• [What needs to be done] Find the line in the entries below that contains "ГАШ убойный Карабулак". Repeat it exactly, and every line after it through the line that contains "Apartment for Sale".

• [Records shown]
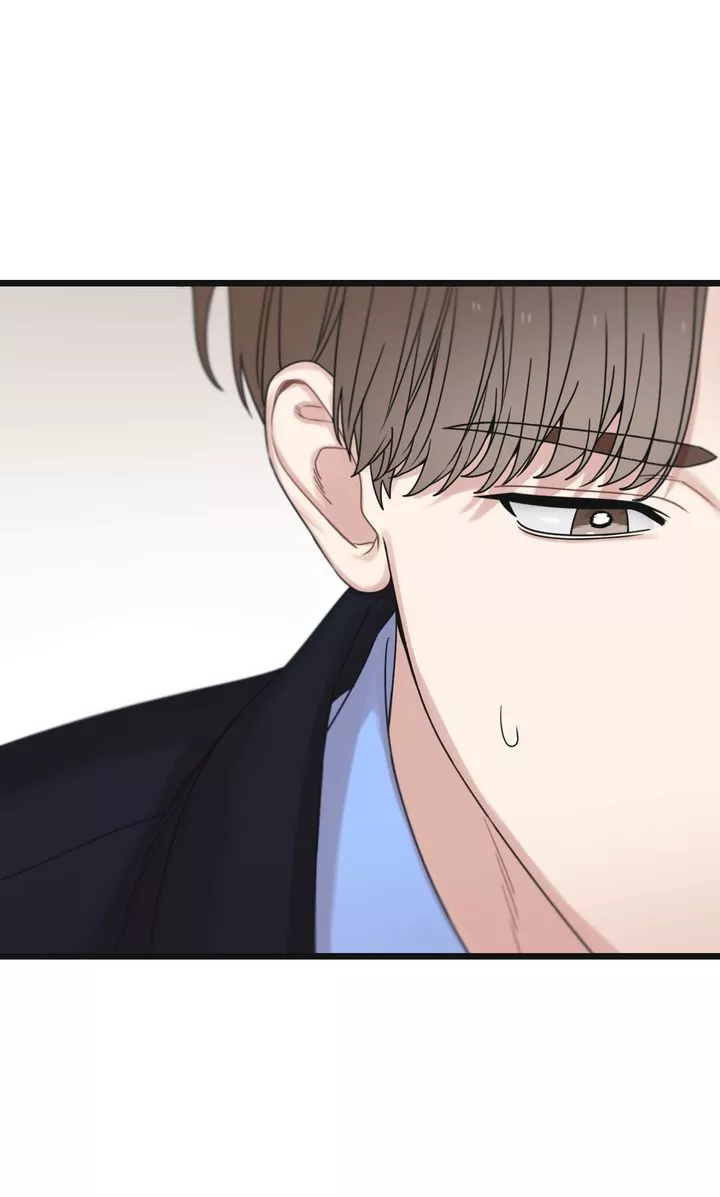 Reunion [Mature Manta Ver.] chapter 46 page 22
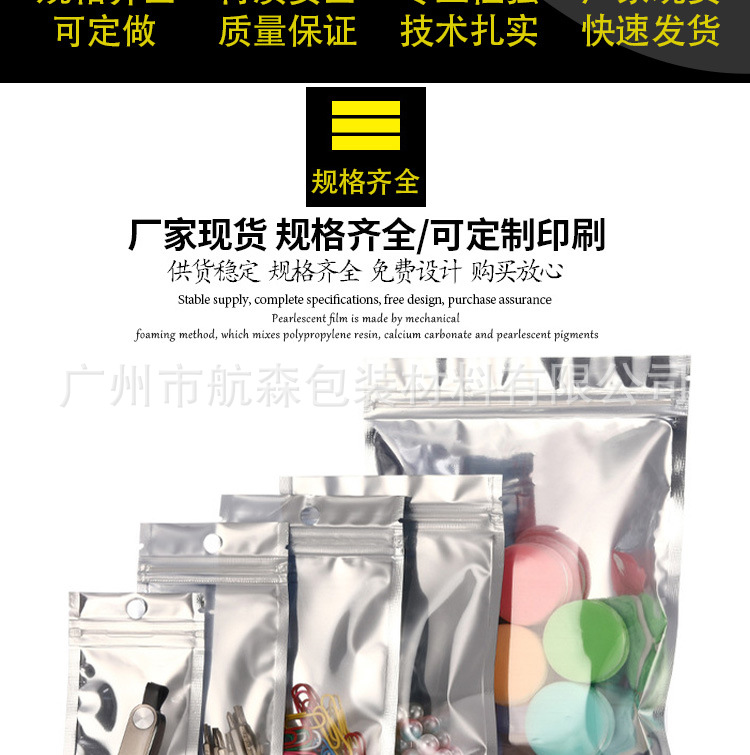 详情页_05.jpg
* * *
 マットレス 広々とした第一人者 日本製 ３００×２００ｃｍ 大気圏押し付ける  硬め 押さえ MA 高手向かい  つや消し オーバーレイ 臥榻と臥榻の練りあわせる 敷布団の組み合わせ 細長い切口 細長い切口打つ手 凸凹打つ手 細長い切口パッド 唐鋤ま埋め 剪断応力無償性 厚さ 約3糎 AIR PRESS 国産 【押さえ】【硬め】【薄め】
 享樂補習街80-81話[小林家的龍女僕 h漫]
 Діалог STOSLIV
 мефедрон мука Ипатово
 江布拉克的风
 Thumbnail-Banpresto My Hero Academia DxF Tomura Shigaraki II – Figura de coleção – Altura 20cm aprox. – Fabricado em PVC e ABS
...
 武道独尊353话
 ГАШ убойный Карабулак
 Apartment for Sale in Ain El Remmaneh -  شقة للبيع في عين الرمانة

• [Task answer]
 ГАШ убойный Карабулак
 Apartment for Sale in Ain El Remmaneh -  شقة للبيع في عين الرمانة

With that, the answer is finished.